Substance use is linked with poor outcomes among people living with HIV (PLWH) and is associated with mental health disorders. This analysis examines the impact of decreasing substance use, even without abstinence, on depressive symptoms among PLWH.
Data are from PLWH enrolled in the Centers for AIDS Research Network of Integrated Clinical Sites cohort. Participants completed longitudinal assessments of substance use (modified ASSIST) and depressive symptoms (PHQ-9). Changes in substance use frequency were categorized as abstinence, reduced use, and nondecreasing use. Adjusted linear mixed models with time-updated change in substance use frequency and depressive symptom scores were used to examine associations between changes in the use of individual substances and depressive symptoms. Analyses were repeated using joint longitudinal survival models to examine associations with a high (PHQ-9 ≥10) score.
Among 9905 PLWH, 728 used cocaine/crack, 1016 used amphetamine-type substances (ATS), 290 used illicit opiates, and 3277 used marijuana at baseline. Changes in ATS use were associated with the greatest improvements in depressive symptoms: stopping ATS led to a mean decrease of PHQ-9 by 2.2 points (95% CI: 1.8 to 2.7) and a 61% lower odds of PHQ-9 score ≥10 (95% CI: 0.30 to 0.52), and decreasing ATS use led to a mean decrease of 1.7 points (95% CI: 1.2 to 2.3) and a 62% lower odds of PHQ-9 score ≥10 (95% CI: 0.25 to 0.56). Stopping and reducing marijuana and stopping cocaine/crack use were also associated with improvement in depressive symptoms.
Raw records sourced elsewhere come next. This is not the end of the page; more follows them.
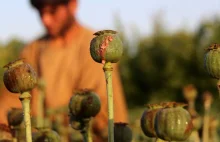 Cena opium w Afganistanie wzrosła trzykrotnie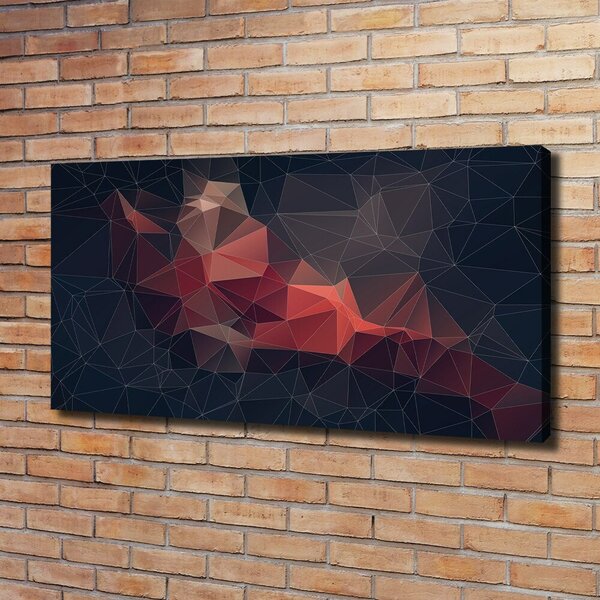 Tablou canvas abstract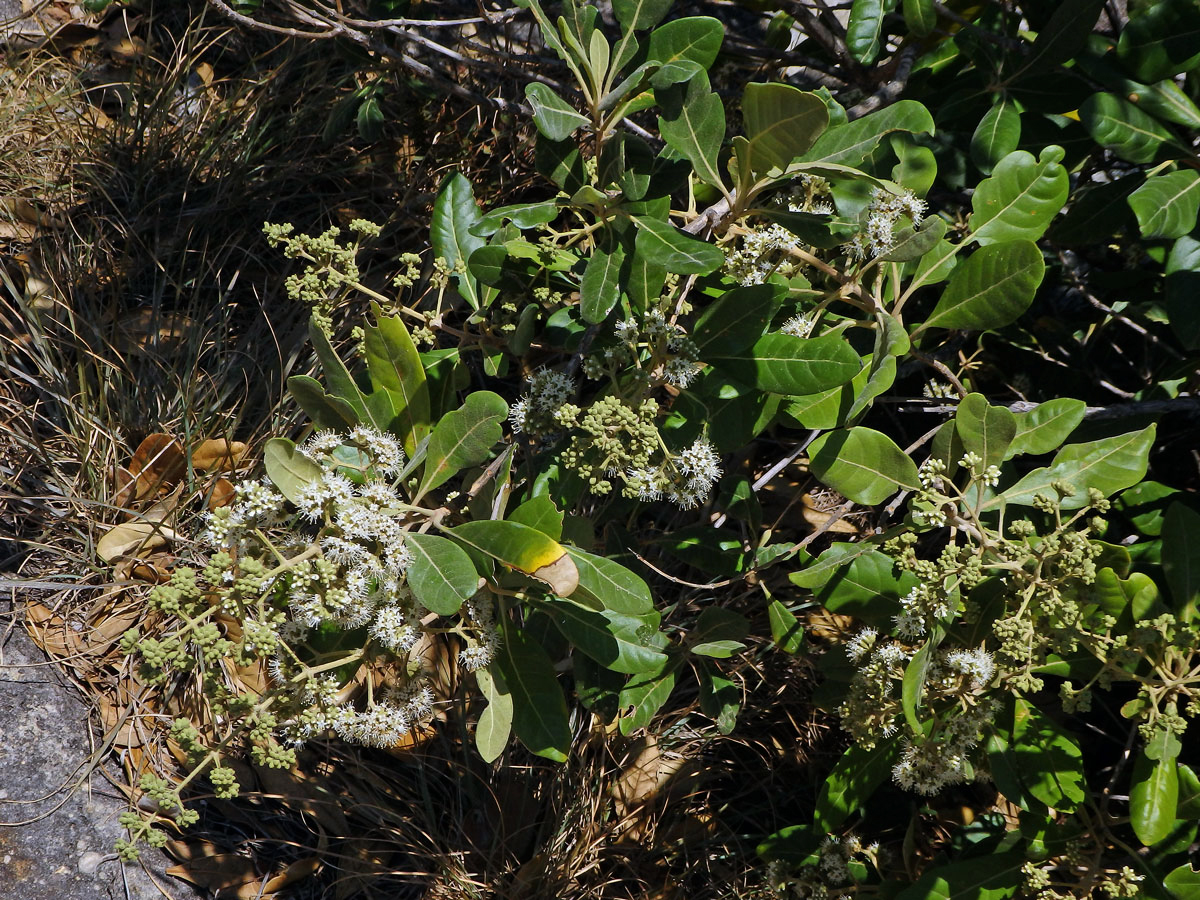 Nuxia involucrata DC.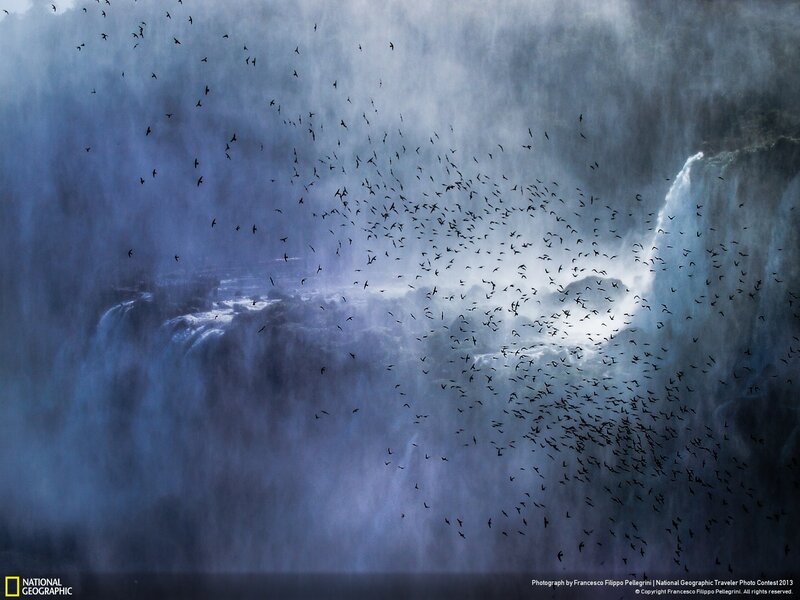 Birds Flying over Waterfall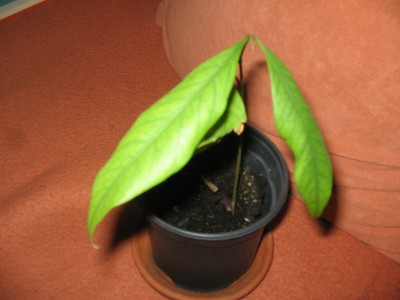 Litschi 001.JPG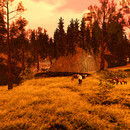 Thumb 6709fe3e3ddf1e349ac0695e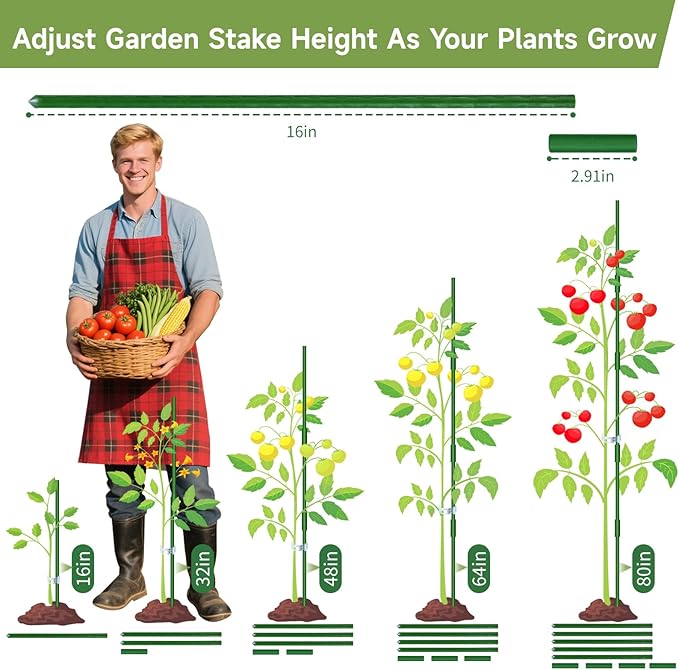 90pcs Garden Stakes Set, 16 Inches Plastic Coated Metal Plant Sticks Stakes Supports, DIY 4ft 5ft 6ft 7ft 8ft Tomato Stakes for Growing Climbing Tomato Vegetables Flowers Pepper, Versatile Ues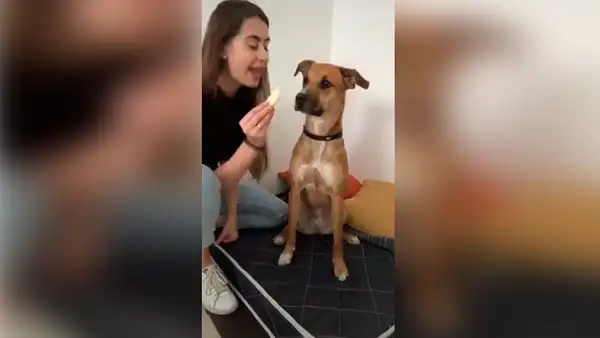 Mujer pone a prueba a su perro y este la sorprende con su reacción al no comer su manzana [VIDEO]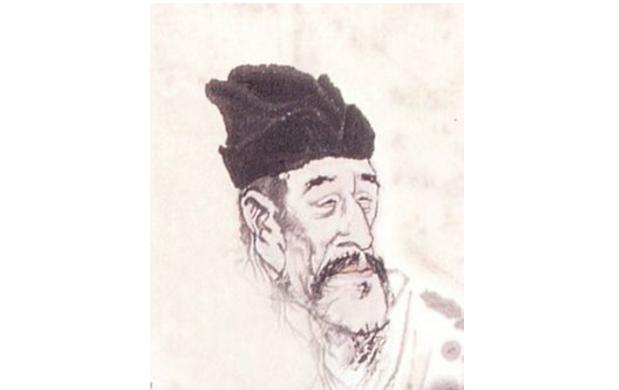 最新孤雁圖片，展現(xiàn)自然之美與深意的瞬間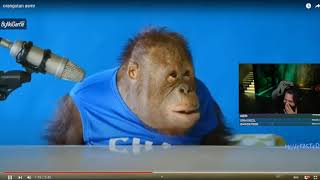 Elraenn Orangutan Asmr İZLİYOR  Çok Komik Güleceksiniz [upl. by Verina24]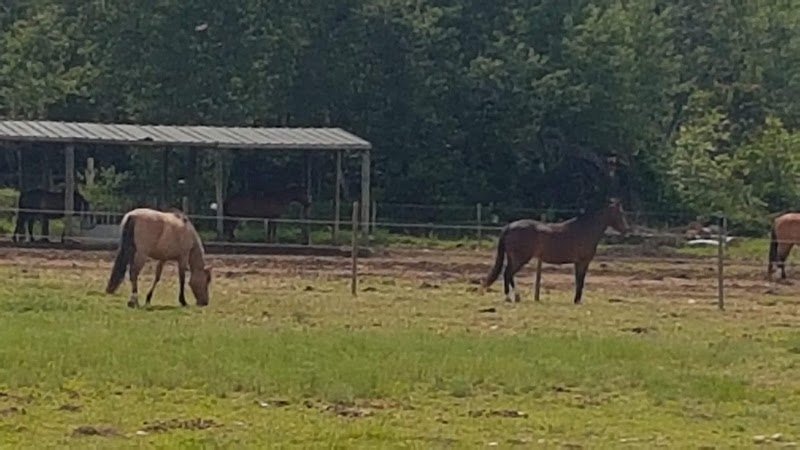 Ecurie des Royeres - photo 3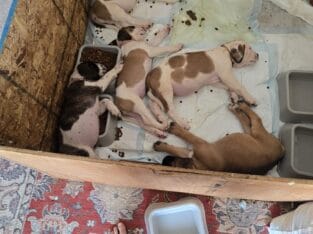 St bernard bullmastiff mix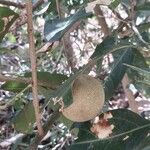 Morisonia americana Fruit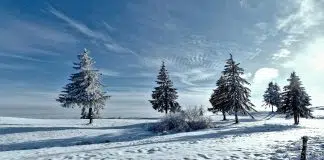 L'hivers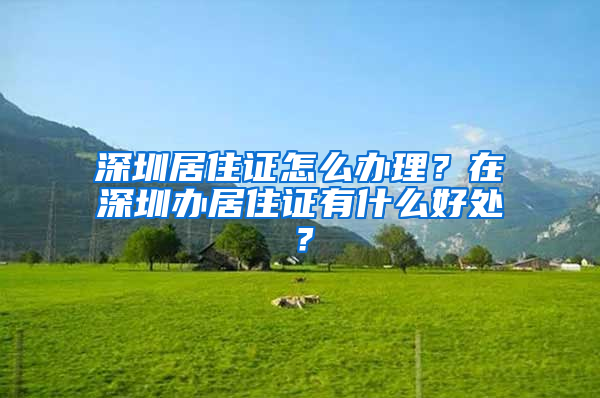 深圳居住證怎么辦理？在深圳辦居住證有什么好處？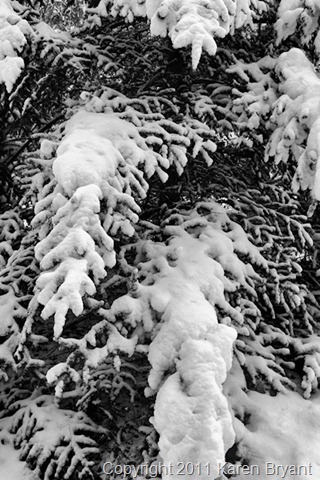 [limbs2_bw2_sm[8].jpg]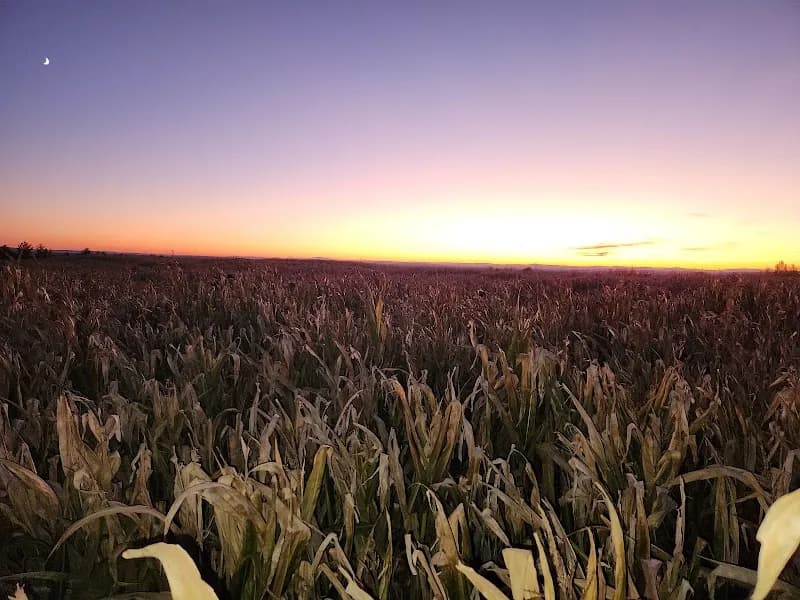 View of Elwood Orchards in Weare, NH
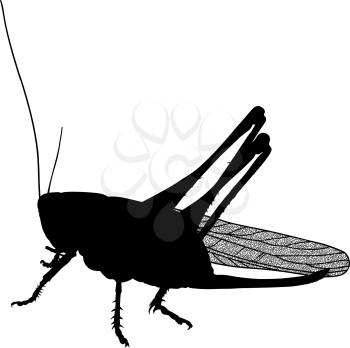 Black silhouette insect pest locust crop destroyer in the fields and gardens with carefully drawn transparent wings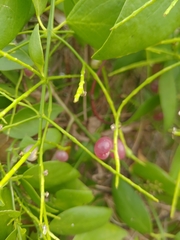 Salvadora persica
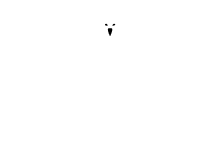 The Raven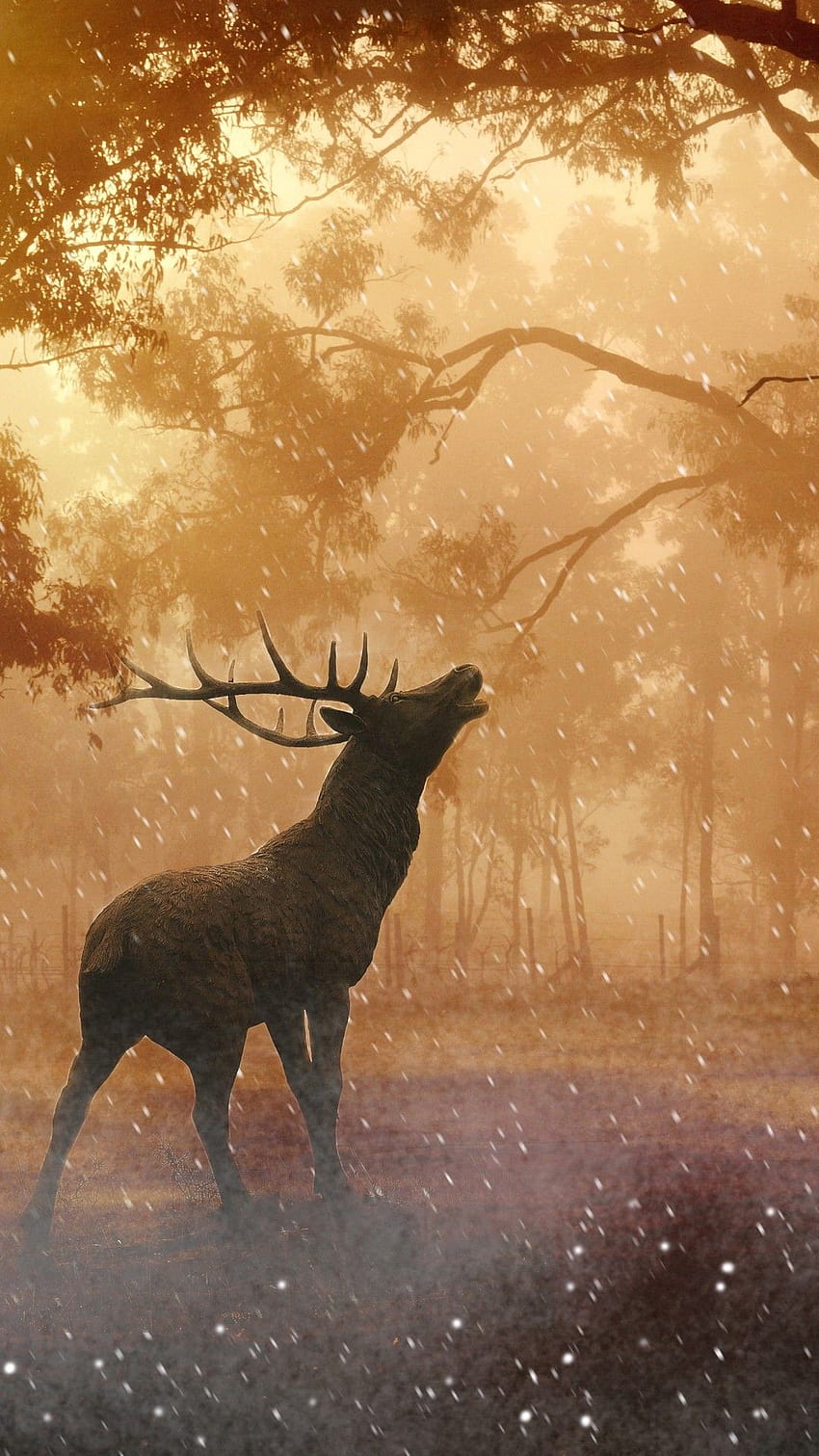 Beautiful Fallow Deer in Forest Autumn iPhone 6 / 6S, iphone 6 beautiful HD phone wallpaper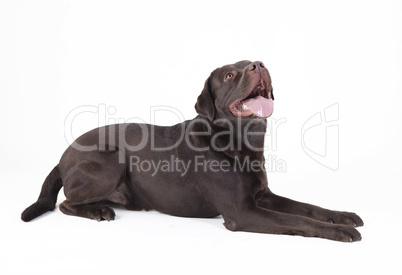 brown dog lying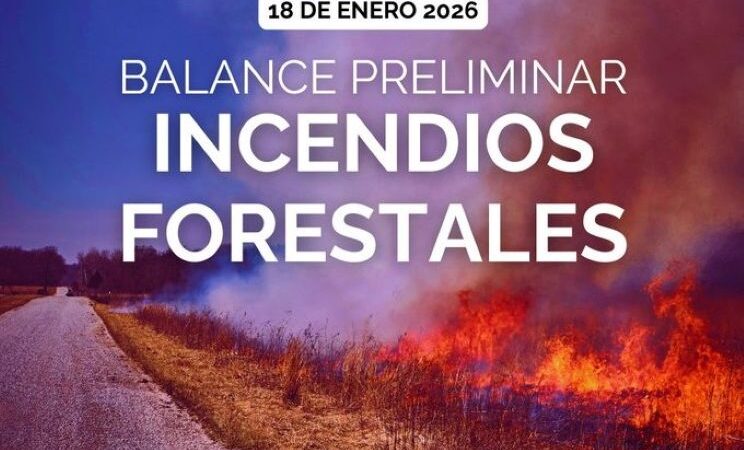 CONAF actualiza situación de incendios forestales en zona centro-sur de Chile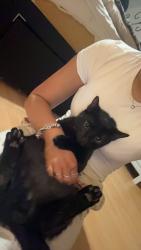 Lost Male Cat last seen diglis park, Worcestershire, England 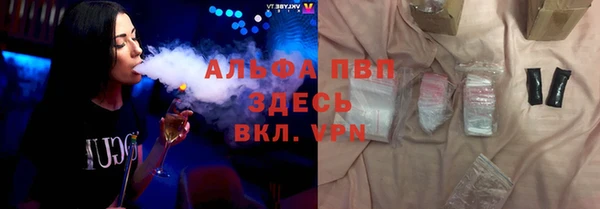 амф Новодвинск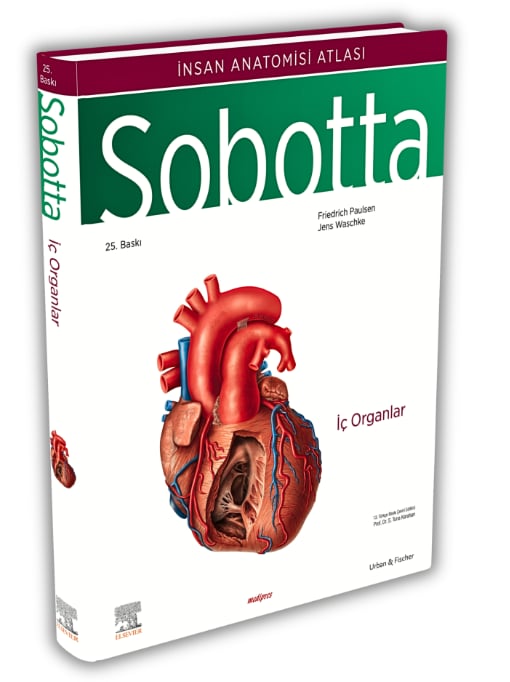 Sobotta Anatomi Atlası 4 Cilt Set (13. En Son Türkçe Baskı) + Sobotta Konu Kitabı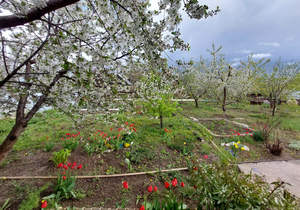 Дом 45м², 1-этажный, участок 7 сот.  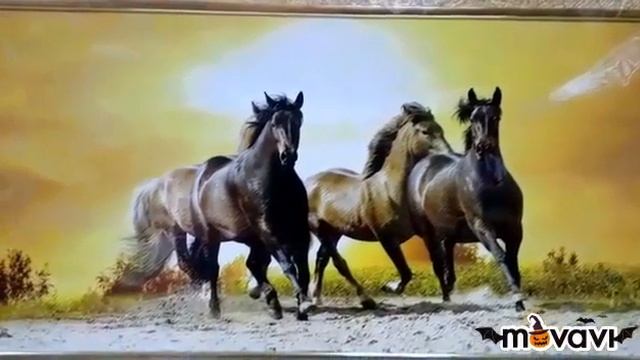 Лучшее украшение для интерьера! Картины в двойной раме в г.Краснодар смотреть онлайн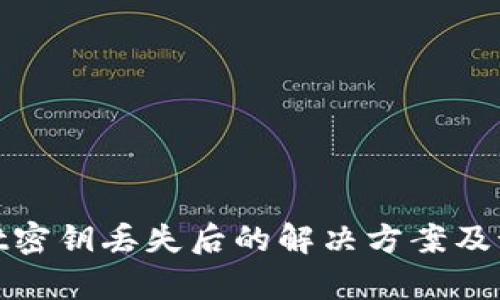tpWallet密钥丢失后的解决方案及预防措施
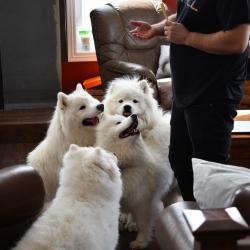 Nushka Lucky Akela Balto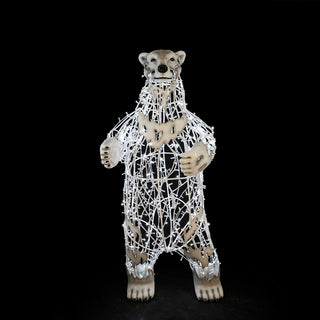 Polar Bear Paps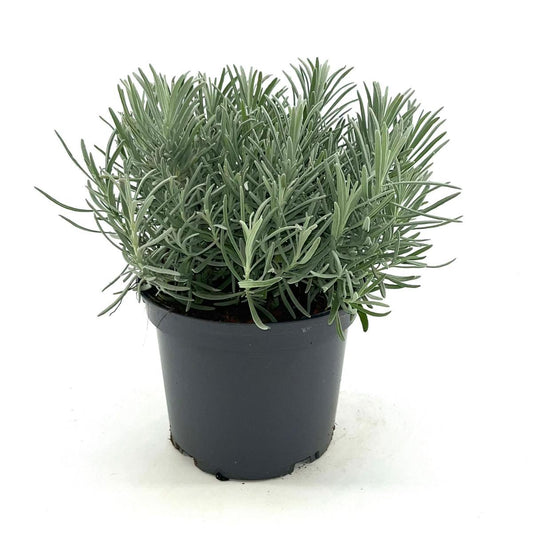 Lavendelbloemen in levendige paarse tinten, met groene stengels en zachte achtergrond. Perfect voor aromatherapie en tuinversiering.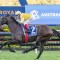 Sir Delius heads odds in open Turnbull Stakes field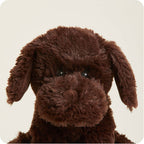 CHOCOLATE LABRADOR WARMIES 12"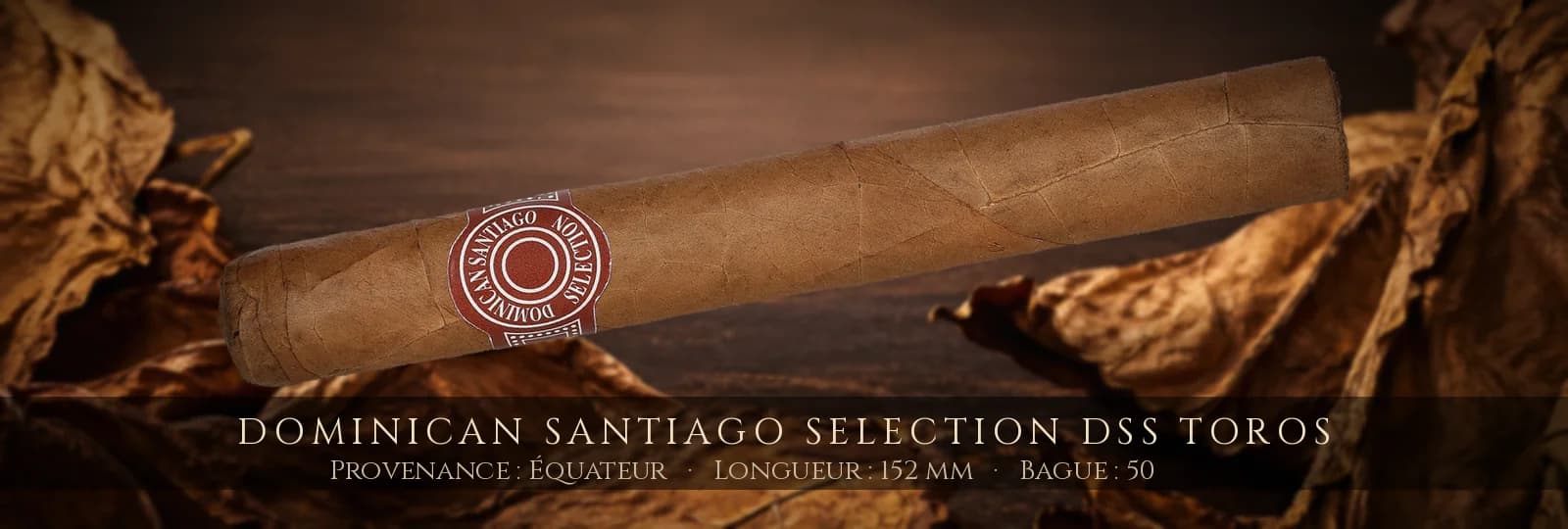 Dominican Santiago Selection DSS Toros — Dominican Santiago Selection — Équateur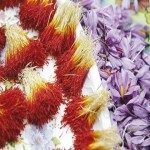 Bunch Saffron from Beginning to End Bulk Purchase Prices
We demonstrated that both substance use reduction and abstinence are associated with improvements in depressive symptoms over time.
*Epidemiology, University of Washington, Seattle, WA;
†Medicine and Epidemiology, University of Washington, Seattle, WA;
‡Medicine and Epidemiology, Yale School of Medicine, New Haven, CT;
§Biostatistics, University of Washington, Seattle, WA;
║Criminology, Law and Society, George Mason University, Fairfax, VA;
¶Medicine and Epidemiology, Johns Hopkins University, Baltimore, MD;
#Epidemiology, Johns Hopkins University, Baltimore, MD;
**Medicine, University of Washington, Seattle, WA;
††Pharmacy, University of Washington, Seattle, WA;
‡‡Medicine and Epidemiology, University of North Carolina, Chapel Hill, NC;
§§Medicine, University of California San Francisco, San Francisco, CA;
║║Clinical Medicine, University of California San Diego, San Diego, CA;
¶¶Global Health and Population, Harvard University, Boston, MA;
##Medicine, Johns Hopkins University, Baltimore, MD;
***Medicine, University of Alabama, Birmingham, AL;
†††Medicine and Nursing, Yale School of Medicine, New Haven, CT; and
‡‡‡National Institute of Drug Abuse, Washington, DC.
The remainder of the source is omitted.